Ouch...sorry to hear about that. The most painful part to me is that I was kept out of the loop. The idea and solidarity coming from "us against the world". Like if she said she needed x, or was feeling x, I would not hold it against her as long as she was totally honest and as long as someone else wasn't getting something from her that she wasn't giving me. I can handle that. I CANNOT handle lies and someone getting something from her that I am not. 



> Don't stop giving her attention and keep a watchfull eye and ear for the signs. You have to work hard to keep each other happy. The biggest thing is comunication. We also made a plan to meet for lunch once a month and two weeks from that have a date night on the weekend nearest our wedding anniversary. It is easy to fall into the old routine and neglect each other. Good luck and glad to hear things are going well.


You are right. We agreed on date nights, but have slacked on that. We both agree to catch that up. She is getting truckloads of attention though, which she is sucking up like a nuclear powered vacuum cleaner. I am realizing that to some women, attention is to them what sex is to men. They crave it and it is almost physically painful when they don't get enough. 

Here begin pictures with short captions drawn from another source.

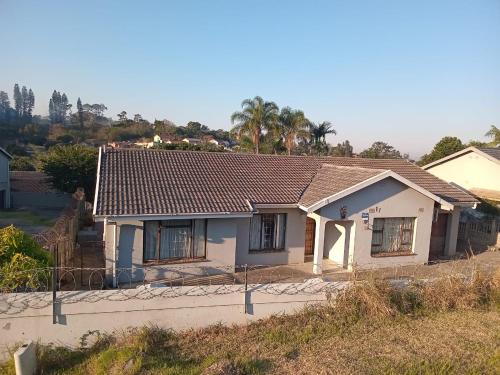 Το κτήριο όπου στεγάζεται  το δωμάτιο σε οικογενειακή κατοικία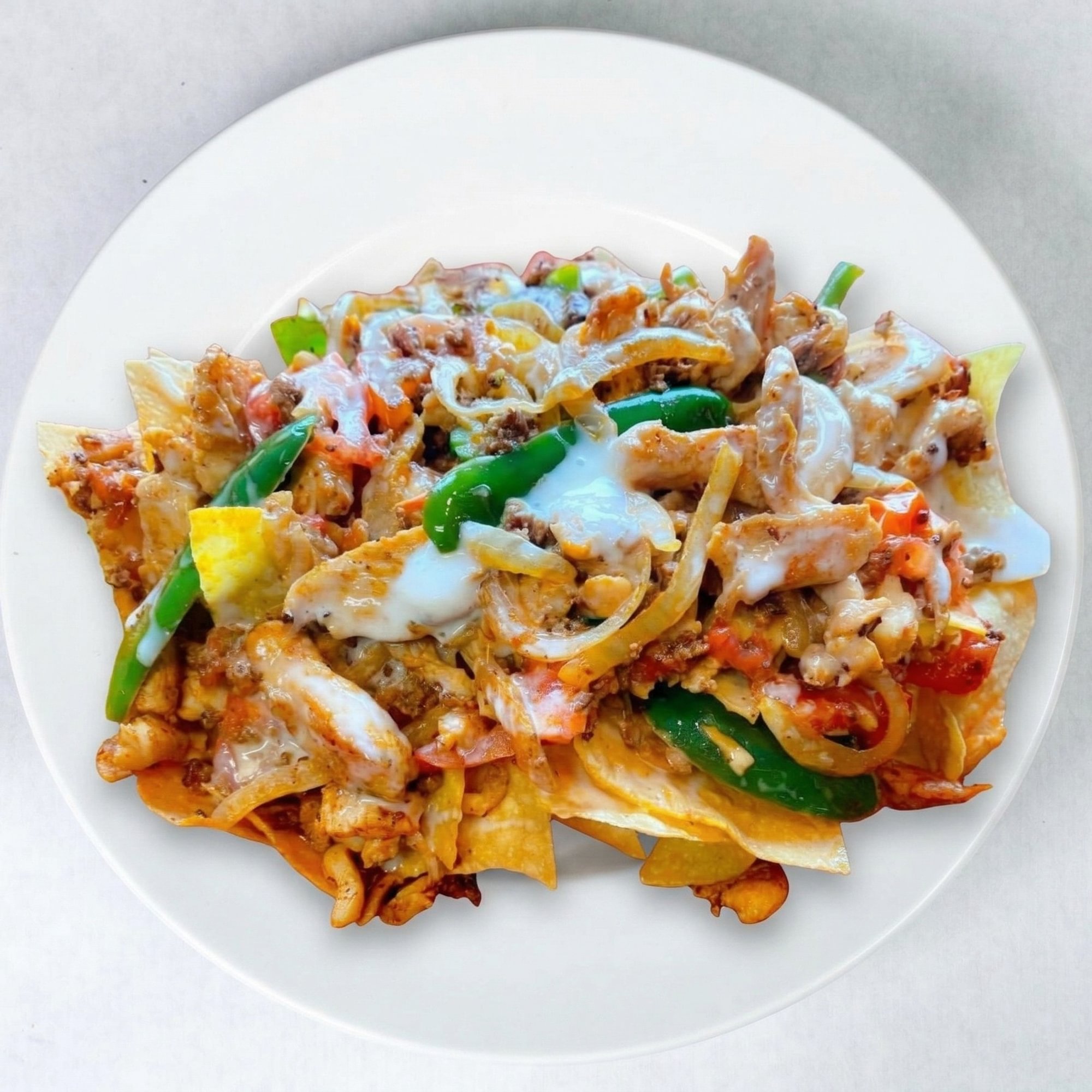 Bradens Nachos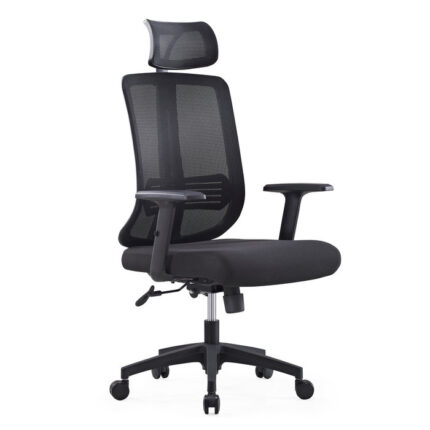 כסא מנהל דגם נוי C1829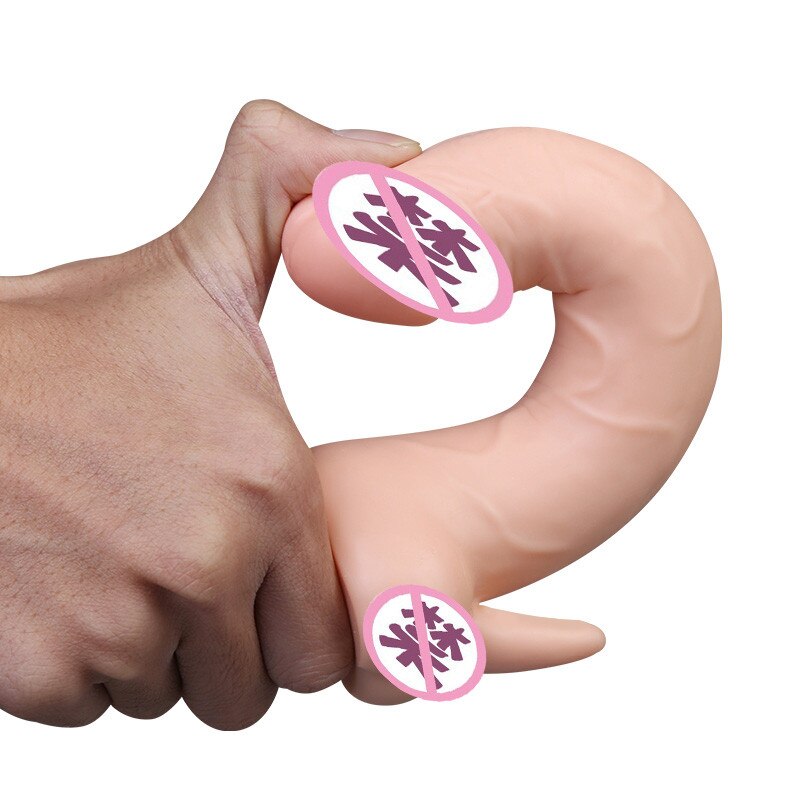 Leten Super Soft Huge Dildo Realista for Lesbian Deep Waterproof  G Spot Clitoris Stimulator Dildo Vibrator Sex Toys for Women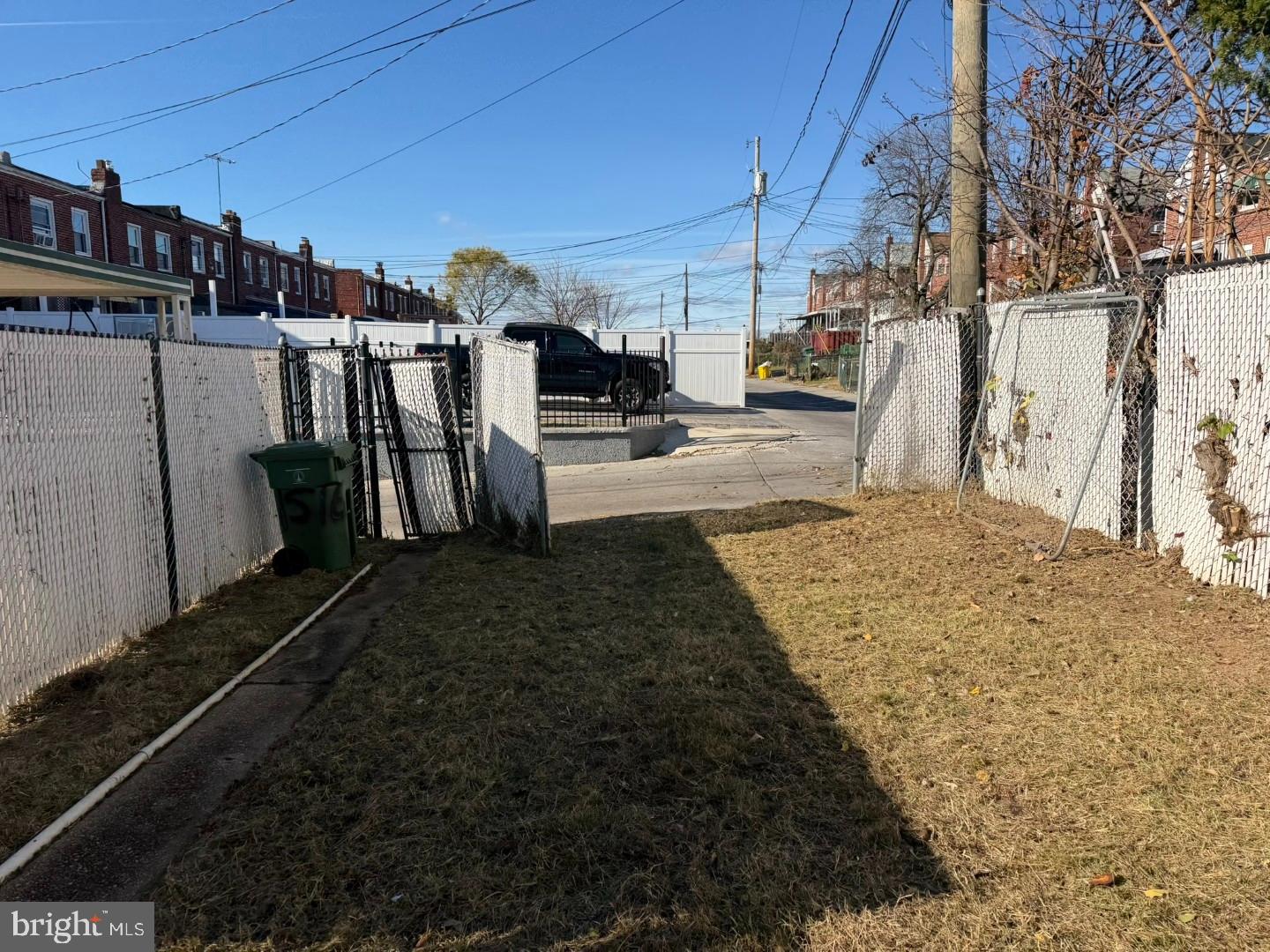 NONE AVAILABLE - Residential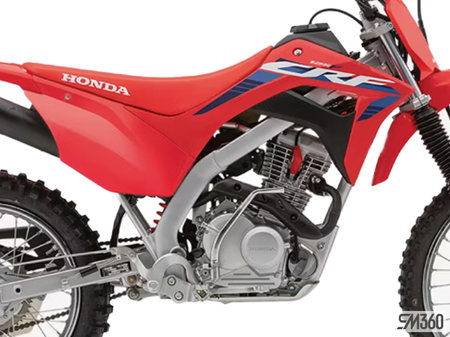 Honda CRF125FB BASE CRF125FB 2024 - photo 3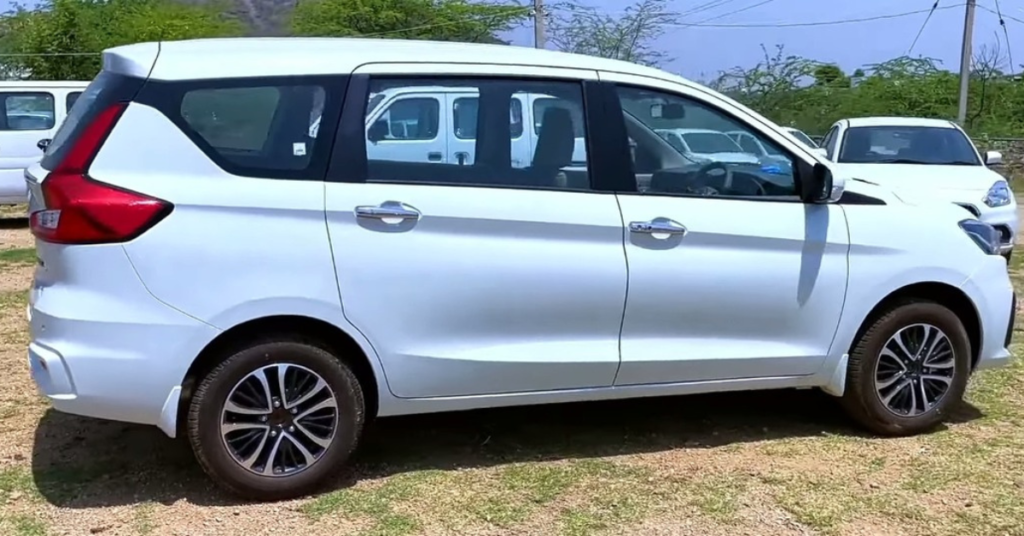 maruti suzuki ertiga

I don't really need attention. Hello and goodbye, affection....if I come in from being out, I want her to want to get off the phone or pause the tv or close the computer and talk to me for five minutes. I do that for her, and she is coming around to doing that for me. If I really want to talk occasionally, I want her to want to talk too. 

What she needs and what I do not need, are constant hours long conversations about nothing. I am coming around to the idea she just wants to spend time with me. Even if we aren't talking about anything. Long periods of time where the other person is the focus of attention. Even in silence. Honestly I kind of hate that. I like it sometimes, but normally no. I like to do what I like to do and if she wants to do it with me, I am happier to do it with her than alone. But if she doesn't than oh well. But we are learning to compromise.


----------